** DATA FOR THIS TASK **
"""

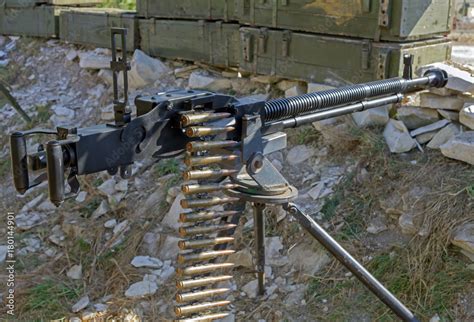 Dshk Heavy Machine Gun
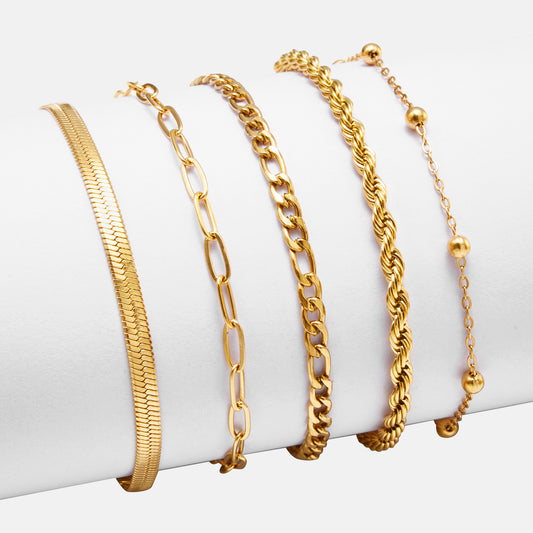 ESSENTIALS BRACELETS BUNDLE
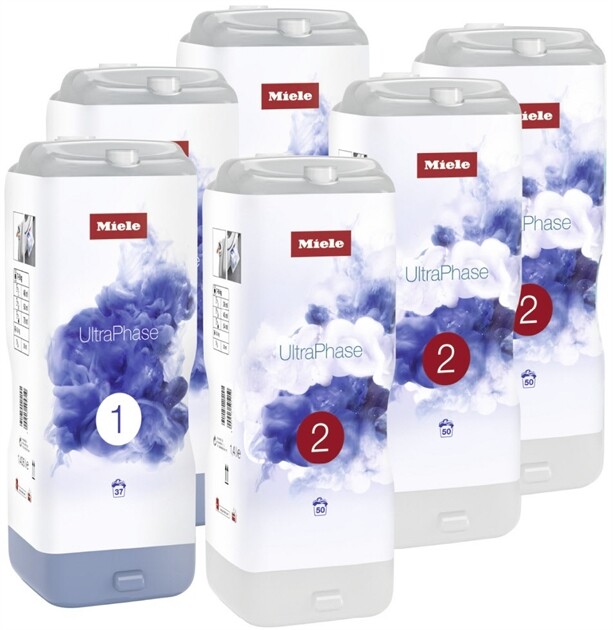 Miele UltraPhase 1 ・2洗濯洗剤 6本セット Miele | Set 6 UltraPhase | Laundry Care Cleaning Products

"""
"""

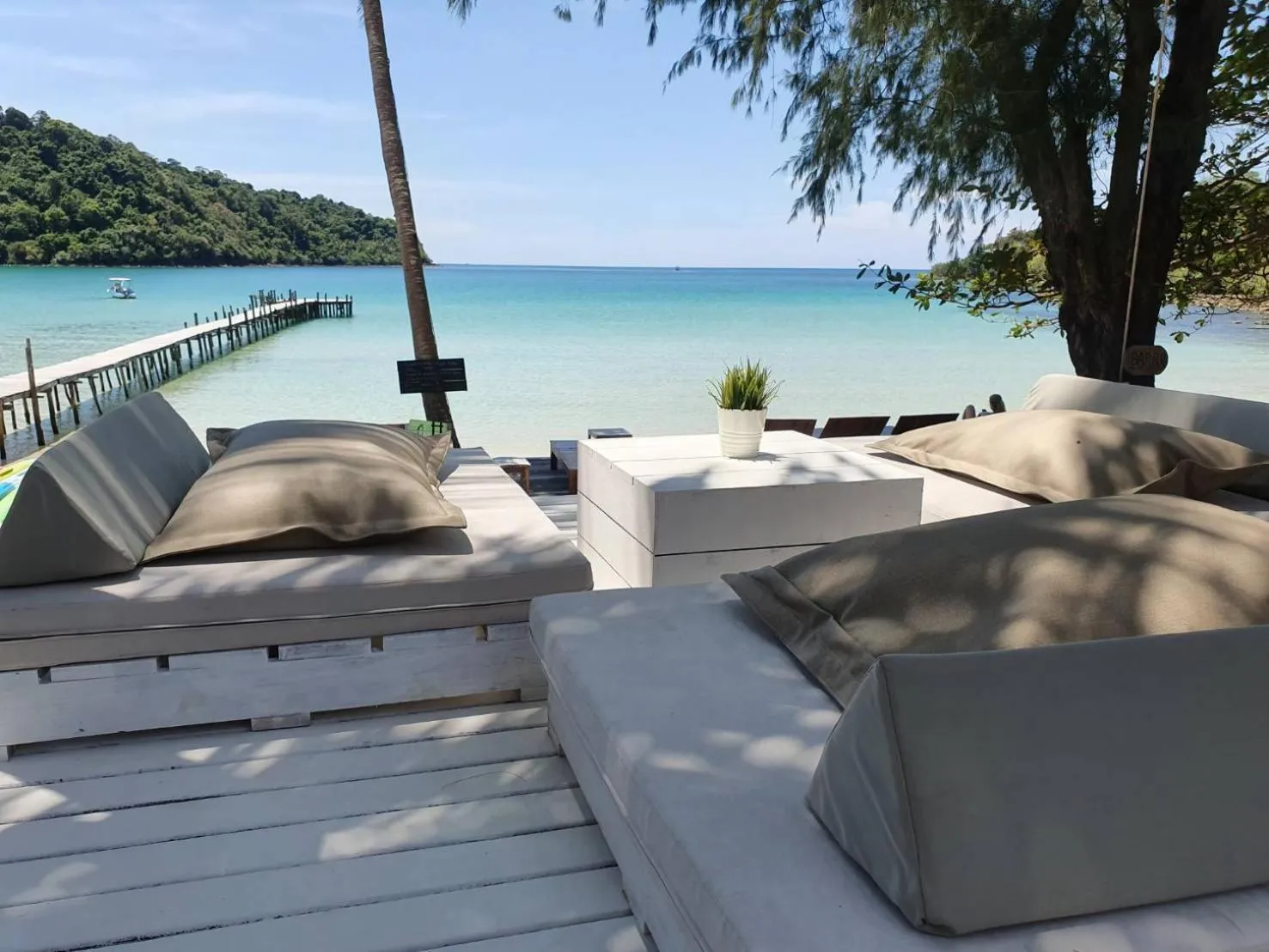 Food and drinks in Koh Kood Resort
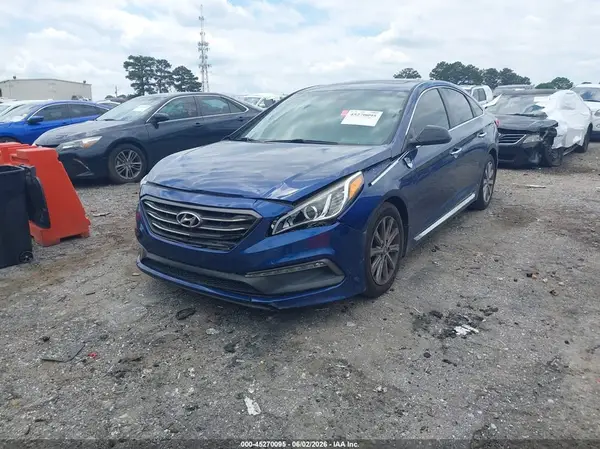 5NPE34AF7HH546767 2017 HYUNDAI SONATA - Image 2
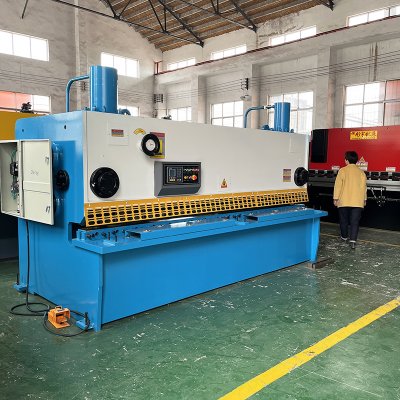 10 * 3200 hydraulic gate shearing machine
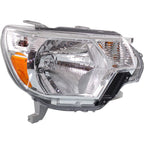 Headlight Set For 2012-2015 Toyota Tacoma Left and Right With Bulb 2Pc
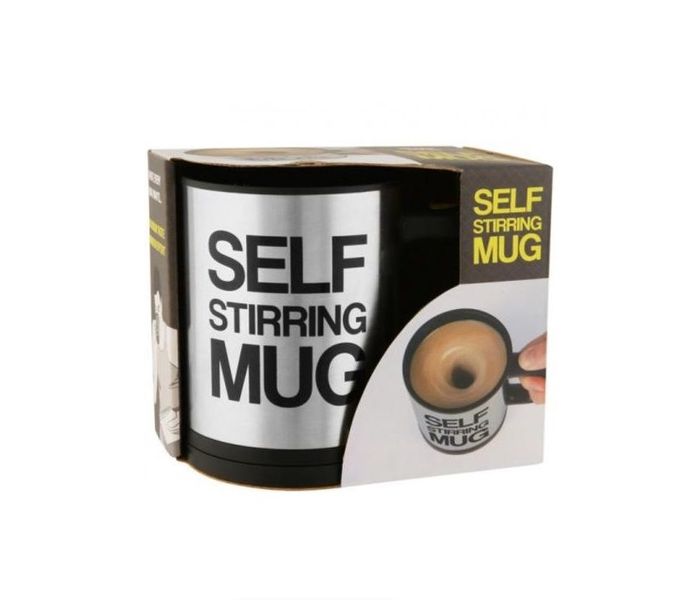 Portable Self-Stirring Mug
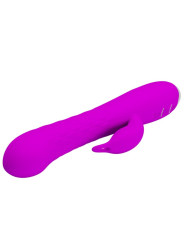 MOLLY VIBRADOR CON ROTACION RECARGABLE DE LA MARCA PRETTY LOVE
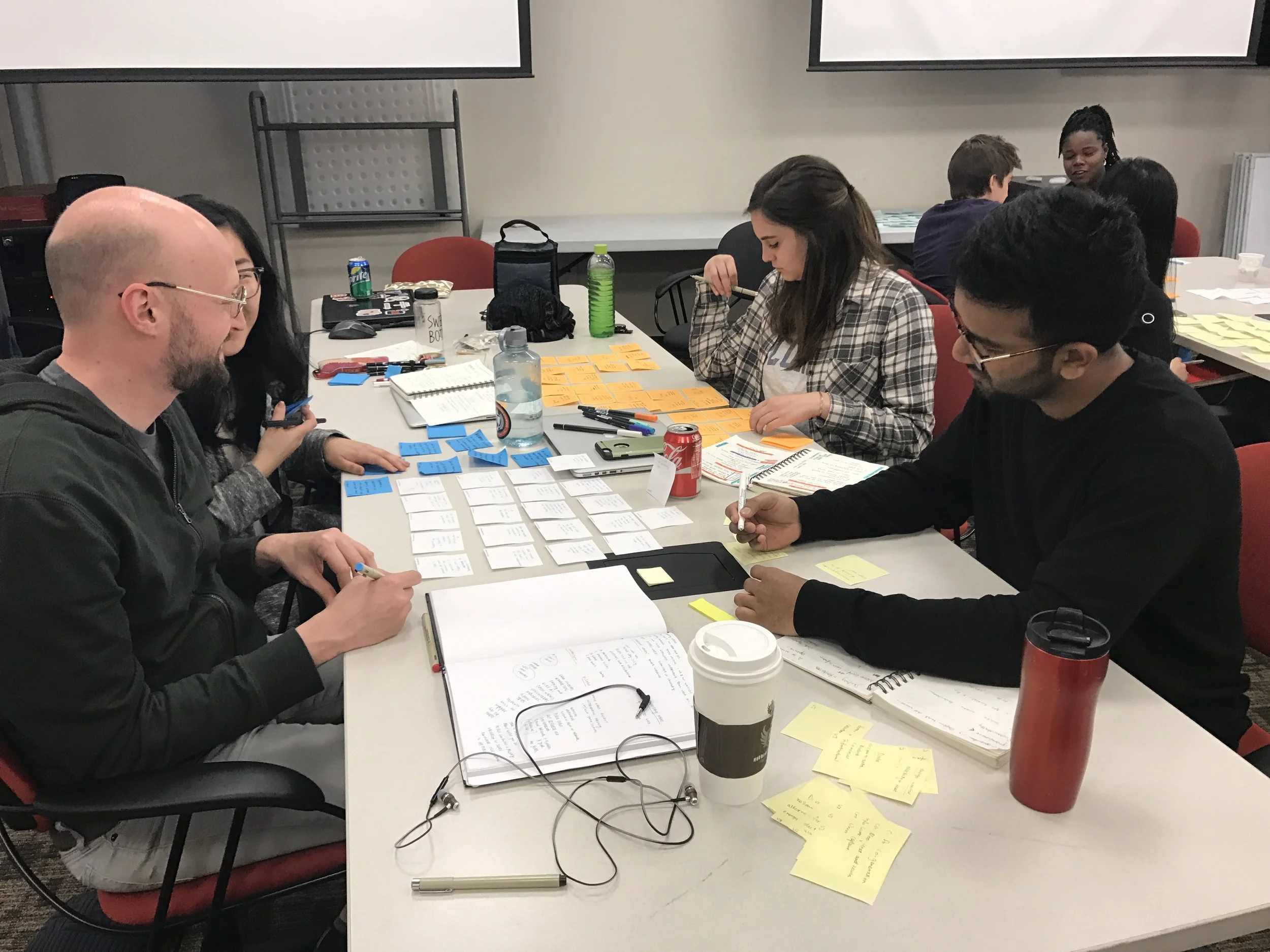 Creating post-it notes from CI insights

"""

** PROBLEM STATEMENT **
With pictures omitted, repeat the entries above word for word from the line holding "5NPE34AF7HH546767 2017 HYUNDAI" down to the line holding "Creating post-it notes from CI insights", keeping both of those lines.

** RESULT FOR THIS EXERCISE **
 5NPE34AF7HH546767 2017 HYUNDAI SONATA - Image 2
 10 * 3200 hydraulic gate shearing machine
 Headlight Set For 2012-2015 Toyota Tacoma Left and Right With Bulb 2Pc
 Portable Self-Stirring Mug
 MOLLY VIBRADOR CON ROTACION RECARGABLE DE LA MARCA PRETTY LOVE
 Creating post-it notes from CI insights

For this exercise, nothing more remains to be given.